Example 2 pharmaceutical composition for treating scapulohumeral periarthritis and preparation thereof according to the present invention
The formula is as follows: 400g of prepared fleece flower root, 300g of epimedium, 350g of prepared rehmannia root, 200g of tortoise shell, 300g of morinda officinalis, 300g of eucommia bark, 200g of teasel root, 300g of drynaria rhizome, 200g of angelica and 300g of Chinese yam.
The preparation method comprises the following steps: taking prepared fleece flower root, epimedium herb, prepared rehmannia root, tortoise shell, morinda officinalis, eucommia bark, teasel root, drynaria rhizome, Chinese angelica and Chinese yam according to the formula amount, crushing into coarse powder, adding ethanol with the weight 14 times of the total weight of the medicinal materials, soaking for 12 hours, then percolating by adopting ethanol at the percolating speed of 3ml/min (per 1kg of the medicinal materials), and collecting percolate.

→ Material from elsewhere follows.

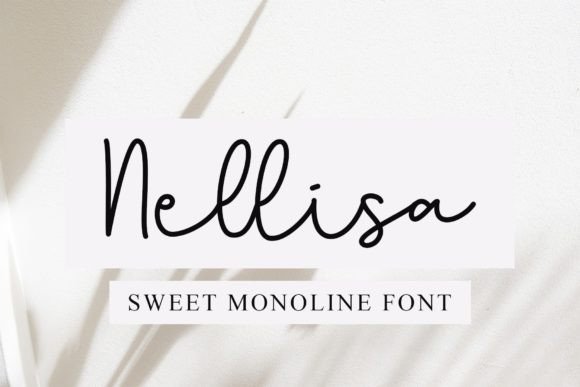 Nellisa: A Bouncy Script Font for Creative Projects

The volume percentage concentration of the ethanol is 80%. The obtained pharmaceutical composition is an external preparation.
Example 3 pharmaceutical composition for treating scapulohumeral periarthritis and preparation thereof according to the present invention
The formula is as follows: 360g of prepared fleece flower root, 240g of epimedium herb, 300g of prepared rehmannia root, 160g of tortoise shell, 250g of morinda officinalis, 250g of eucommia bark, 180g of teasel root, 240g of rhizoma drynariae, 180g of angelica and 240g of Chinese yam.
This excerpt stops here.